◆ **Problem details**
Output each record below exactly. No images go in the copy.

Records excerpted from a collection

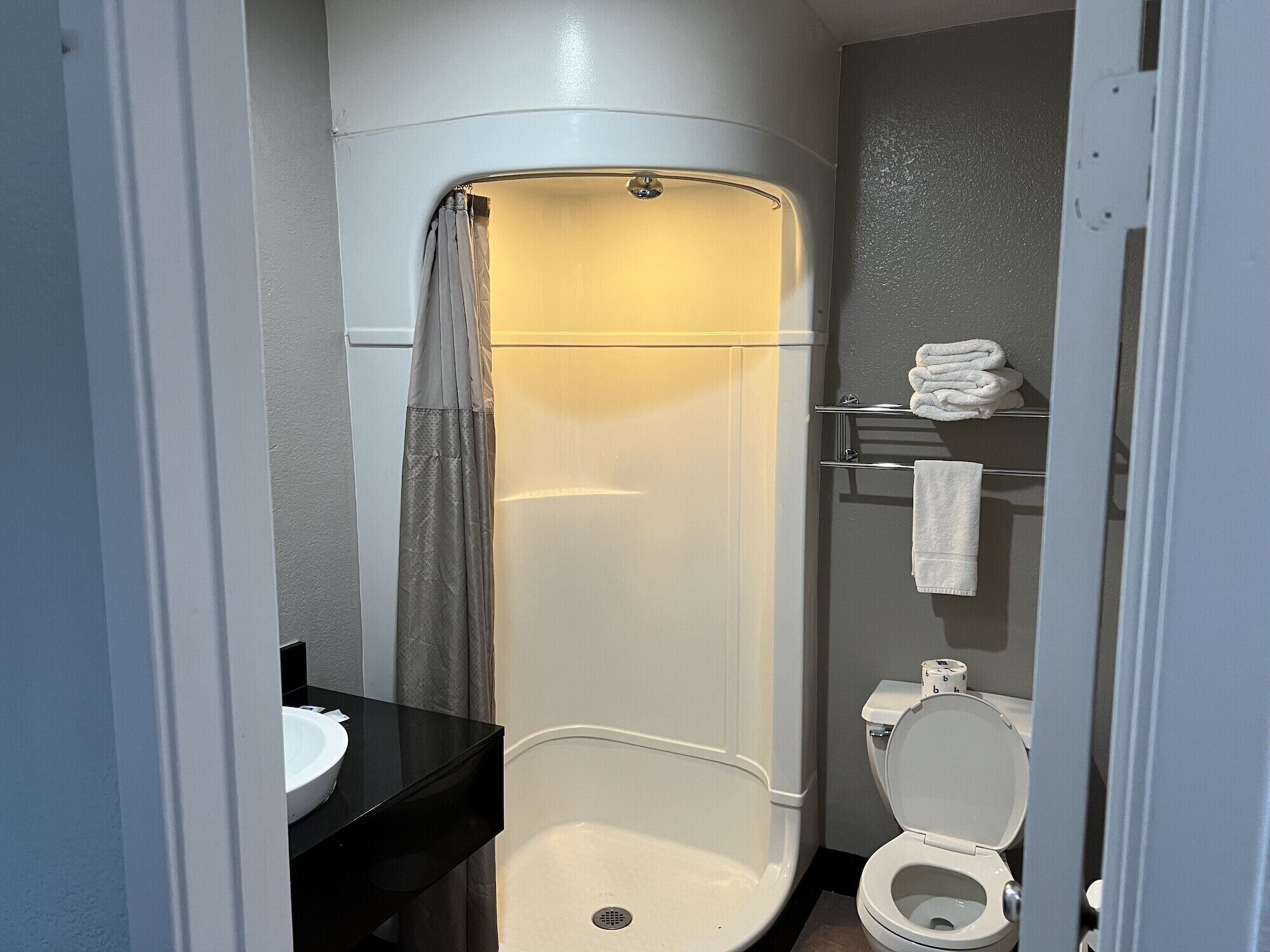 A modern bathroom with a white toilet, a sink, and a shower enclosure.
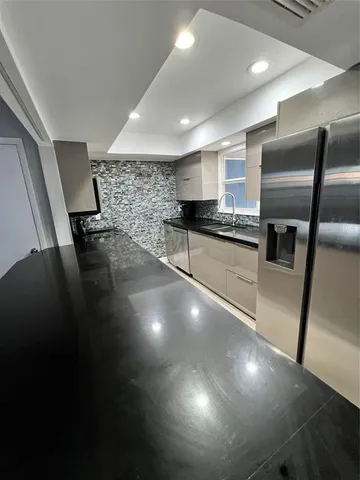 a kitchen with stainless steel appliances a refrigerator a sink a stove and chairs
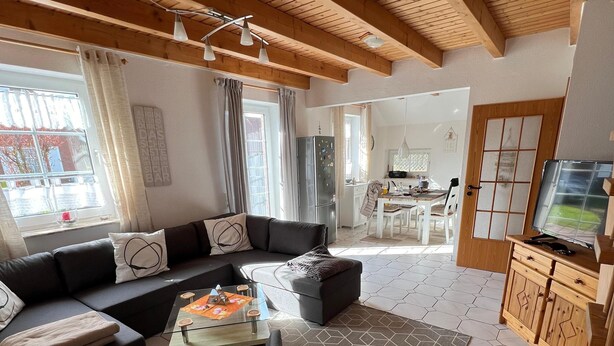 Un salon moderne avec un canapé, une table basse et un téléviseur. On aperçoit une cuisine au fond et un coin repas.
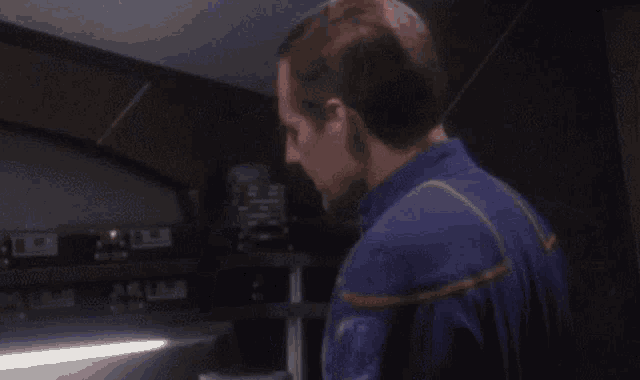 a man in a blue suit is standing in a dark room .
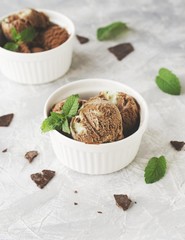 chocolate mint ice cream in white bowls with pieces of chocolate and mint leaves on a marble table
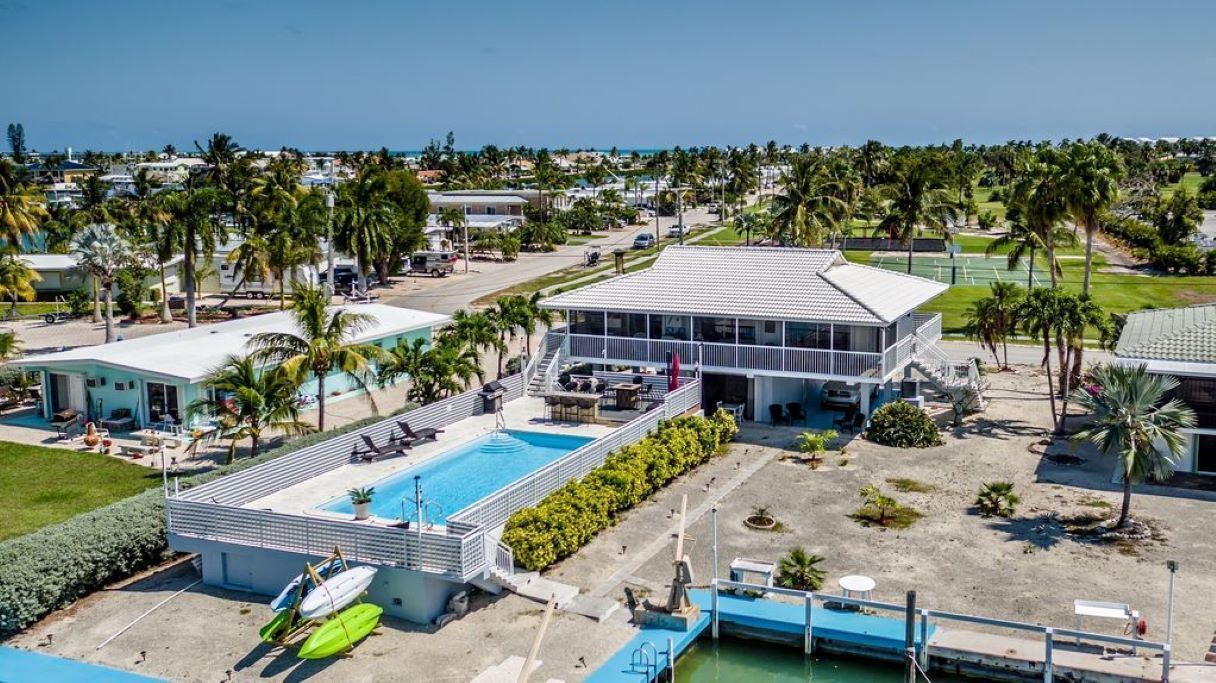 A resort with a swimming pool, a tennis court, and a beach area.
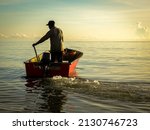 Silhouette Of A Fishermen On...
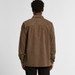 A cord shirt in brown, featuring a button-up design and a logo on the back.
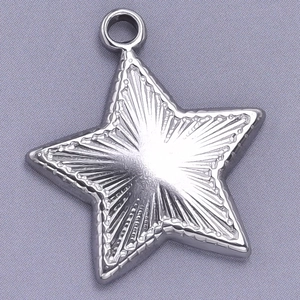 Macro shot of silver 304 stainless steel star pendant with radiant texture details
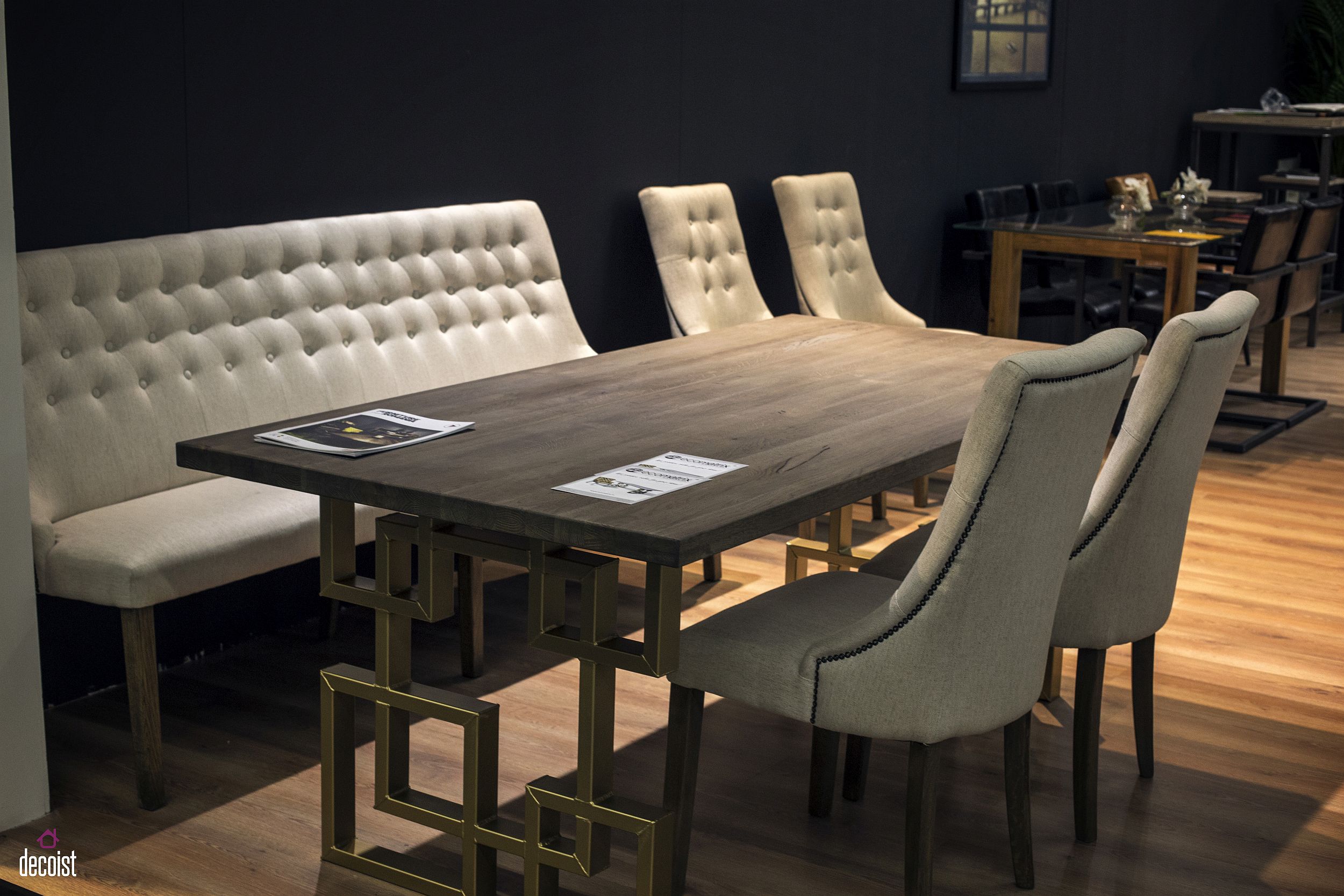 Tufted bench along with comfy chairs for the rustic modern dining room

◆ **Answer**
 A modern bathroom with a white toilet, a sink, and a shower enclosure.
 a kitchen with stainless steel appliances a refrigerator a sink a stove and chairs
 Un salon moderne avec un canapé, une table basse et un téléviseur. On aperçoit une cuisine au fond et un coin repas.
 a man in a blue suit is standing in a dark room .
 chocolate mint ice cream in white bowls with pieces of chocolate and mint leaves on a marble table
 A resort with a swimming pool, a tennis court, and a beach area.
 Silhouette Of A Fishermen On...
 A cord shirt in brown, featuring a button-up design and a logo on the back.
 Macro shot of silver 304 stainless steel star pendant with radiant texture details
 Tufted bench along with comfy chairs for the rustic modern dining room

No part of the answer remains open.